Katolik, nie katolik - to bylo imponujace wydarzenie. I takoz imponujace widowisko.
Slub Windsora poszedl na trzeci plan, swieto 1.Maja na drugi plan, futbol i hokej na lodzie na czwarty plan.
Przykra sprawa dla Prawdziwych Polskich Patriotow. Odtad beda MUSIELI sobie brac blogoslawionego Jana Pawla II za wzor do nasladowania.
Koniec z antysemityzmem - Jan Pawel II jak wiadomo przeprosil za antysemityzm kosciola.
Koniec z OTRem - Jan Pawel II jak wiadomo nigdy nie przyjal Ojca Dyrektora na prywatnej audiencji.
Koniec z miesem w piatki i poniedzialki, grillowaniem w swieta koscielne, nie dawaniem na tace pod pozorem, ze sie nie ma, bo sie zbiera na samochod.

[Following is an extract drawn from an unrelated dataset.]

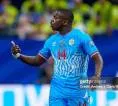 Manchester United Cs Gigit Jari, Sunderland Pertahankan Noah Sadiki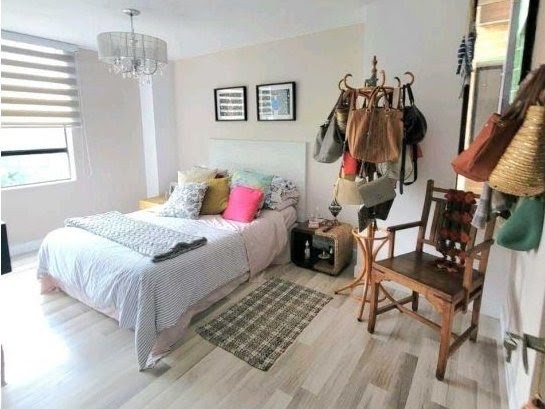 Apartamento en venta en El Poblado, Medellín 5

Na sniadaniu u proboszcza slyszalem ze polskiemu kosciolowi do stanu niemieckiego kosciola rzymsko-katolickiego juz nie daleko: coraz mniej powolan kaplanskich, nieobsadzone parafie, malo pieniedzy z tacy, trudno znalezc kucharke na plebanie, bo kazda chcialaby wyplate i koniecznie ubezpiecznie socjalne, bo renta, etc.
Koniec.
A po Polsce w kolejce czekaja Niemcy.